◆ **TASK DETAILS**
In the answer, each line from the top of the material through the line that contains "a senior woman" is restated exactly. No picture is given again.

##### PROVIDED RECORDS #####

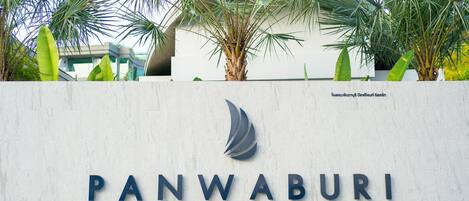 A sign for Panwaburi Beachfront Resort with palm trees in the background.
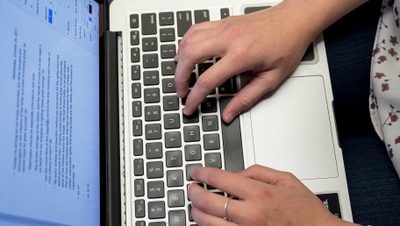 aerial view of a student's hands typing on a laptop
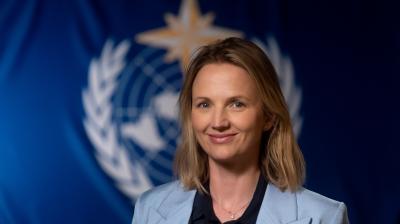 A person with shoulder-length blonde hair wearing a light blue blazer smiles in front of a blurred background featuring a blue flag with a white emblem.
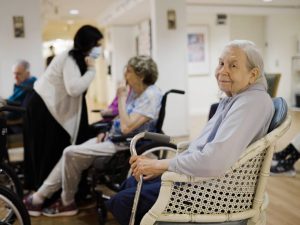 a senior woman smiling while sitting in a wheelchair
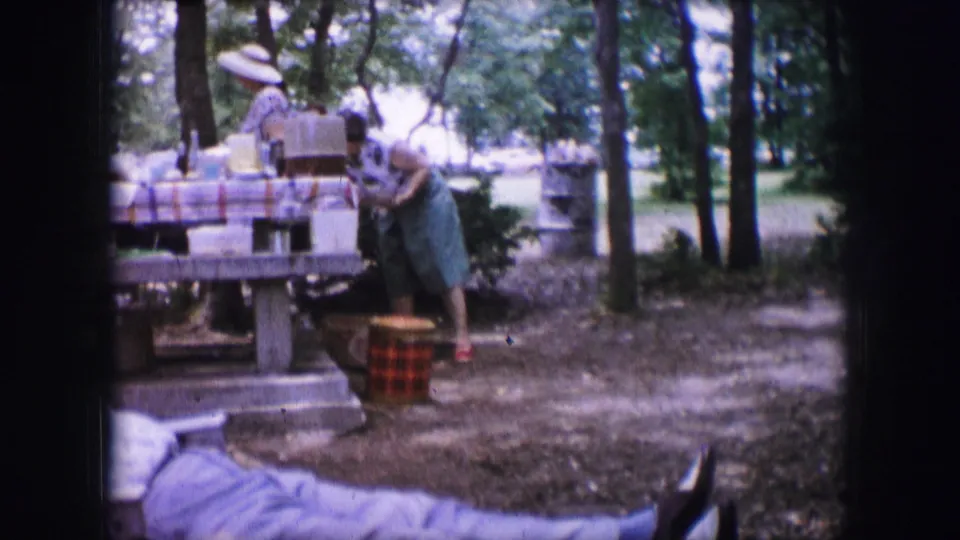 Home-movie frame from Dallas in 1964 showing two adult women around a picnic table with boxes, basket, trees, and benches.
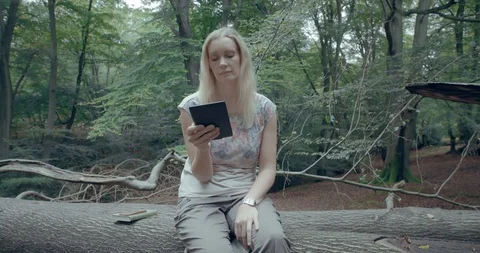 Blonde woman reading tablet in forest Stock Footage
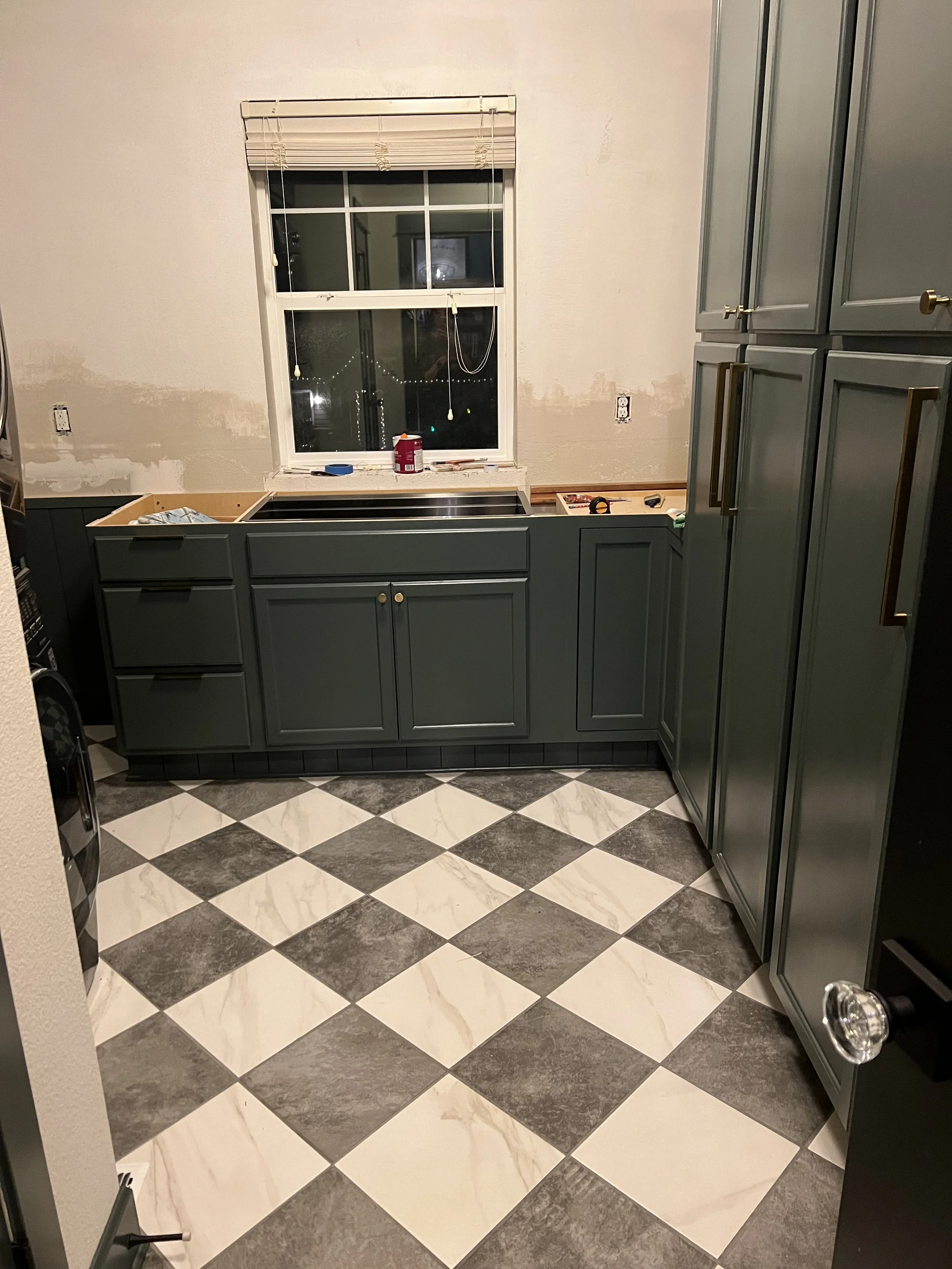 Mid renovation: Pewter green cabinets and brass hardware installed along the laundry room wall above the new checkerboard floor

#####

◆ **RESULT BELOW**
 A sign for Panwaburi Beachfront Resort with palm trees in the background.
 aerial view of a student's hands typing on a laptop
 A person with shoulder-length blonde hair wearing a light blue blazer smiles in front of a blurred background featuring a blue flag with a white emblem.
 a senior woman smiling while sitting in a wheelchair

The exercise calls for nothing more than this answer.